SQL Basics with Pandas

13 minute read

Recently, I was compelled by my own curiosity to study SQL, a language I have heard about quite a lot but never had a chance to study. At first, SQL sounded difficult and foreign largely because it was a language fundamentally different from other programming languages I had studied, such as Java, Python, or R. However, after watching this fantastic video tutorial on YouTube, and completing a relevant course on DataCamp, I think I now finally have a somewhat concrete understanding of what SQL is and how to use it. Of course, I’m still so far away from being fluent in SQL, and the queries I can write are still pretty basic. Much like the blog post on R, this post will serve as a reference for myself.

Note: This notebook was drafted in January of 2020, yet I never had a chance to finish it. Finally, while working on some R tutorial notebooks on the dpylr package, I was reminded of this draft and hence decided to publish it. Hopefully this editorial discontinuity does not affect the quality of writing and content of this article.

SQL with Jupyter

There are many different ways of using and accessing SQL from Jupyter Notebooks. Here, I introduce two simple ways of practicing SQL without much complicated setup.

Magic Command

The first on the list is ipython-sql, which allows us to use magic commands in Jupyter notebooks. To install, simply type the following line in the terminal, assuming that you have activated the conda virtual environment of choice.

conda install ipython-sql

We can now use the load_ext sql magic command in Jupyter to connect to a local database. In my case I had a MySQL database initialized at localhost, and was able to connect to it as a root user. Note that you should replace some_password in the example command below according to your own configuration.

%load_ext sql
%sql mysql+pymysql://root:some_password@localhost:3306/test
'Connected: root@test'

Now that we have successfully connected to the data, we can use SQL commands in Jupyter!

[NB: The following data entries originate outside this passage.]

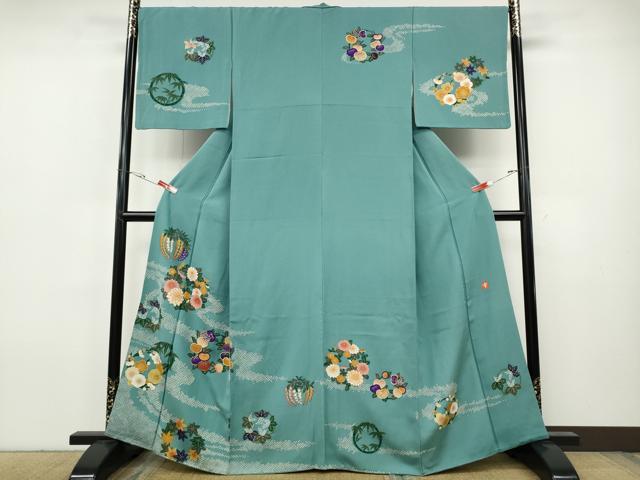 平和屋着物●ファッションデザイナー 花井幸子　訪問着　駒刺繍　花丸文　金彩　正絹　逸品　CABH9660ut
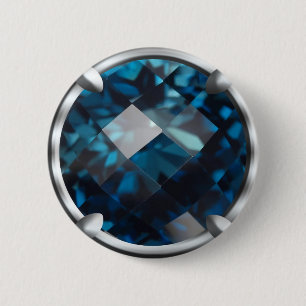 Blue Gem Design 6 Cm Round Badge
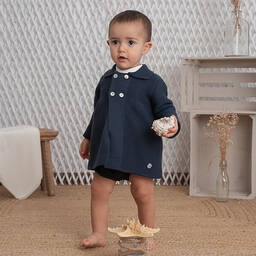Artesanía Granlei-Navy Blue Knitted Baby Cardigan | Childrensalon Outlet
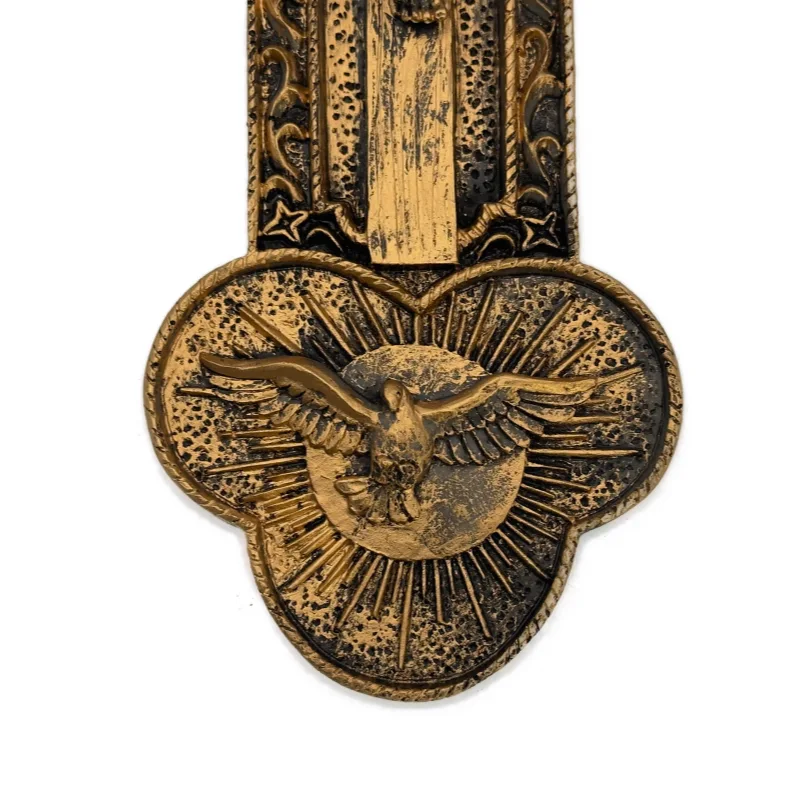 Croix murale chrétienne 35 cm – Crucifix et symboles sacrés – Résine Finition bronze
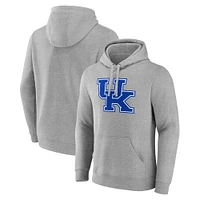 Sweat à capuche avec logo principal des Kentucky Wildcats de Fanatics Heather Grey pour hommes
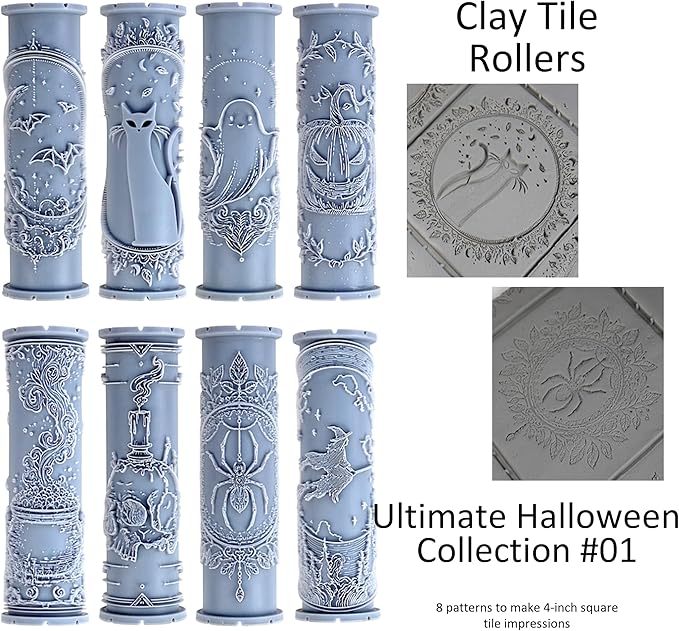 Ultimate Halloween Clay Texture Rollers 8-Set (4") - Halloween Set #01 - Embossing Pattern Rollers for Polymer & Ceramic Clay, Pottery & Crafts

%sql SELECT * FROM employee ORDER BY sex, first_name, last_name LIMIT 5;
 * mysql+pymysql://root:***@localhost:3306/test
5 rows affected.
emp_id first_name last_name birth_day sex salary super_id branch_id
103 Angela Martin 1971-06-25 F 63000 102 2
101 Jan Levinson 1961-05-11 F 110000 100 1
104 Kelly Kapoor 1980-02-05 F 55000 102 2
107 Andy Bernard 1973-07-22 M 65000 106 3
100 David Wallace 1967-11-17 M 250000 None 1

This method works, but it requires that you set up a MySQL server on your local workstation. While this is not particularly difficult, this method is somewhat made less compelling by the fact that it does not work right out of the box. The method I prefer, therefore, is the one that I would like to introduce next.

PandaSQL

pandas is an incredibly widely used Python module for deailng with tabular data. It some similarities with SQL in that they both deal with tables at the highest level. Of course, the two serve very different purposes: SQl is intended as a backend exclusive language, powering huge database servers and allowing developers to quickly query through large amounts of data. pandas, on the other hand, is a must-have in the Python data scientist’s toolbox, allowing them to extract new insight from organized tabular data.

pandasql is a Python module that allows us to query pandas.DataFrames using SQL syntax. In other words, it is a great way to learn SQL. The benefit of this approach is that no database setup is necessary: as long as there is some tabular data to work with, say some .csv file, we are ready to go. For the purposes of this post, we will thus be using this latter approach.

With all that said, let’s get started.

import pandas as pd
from pandasql import sqldf

Select Syntax

In this section, we will go over some basic core SQL statements to get our feet wet. It would be utterly impossible for me to cover SQL syntax in any level of detail in a single blog post, but this is a start nonetheless. At the minimum, I hope to continue this series as I start learning more SQL. The main references used to write this post were this excellent Medium article and the official documentation on the pandas website.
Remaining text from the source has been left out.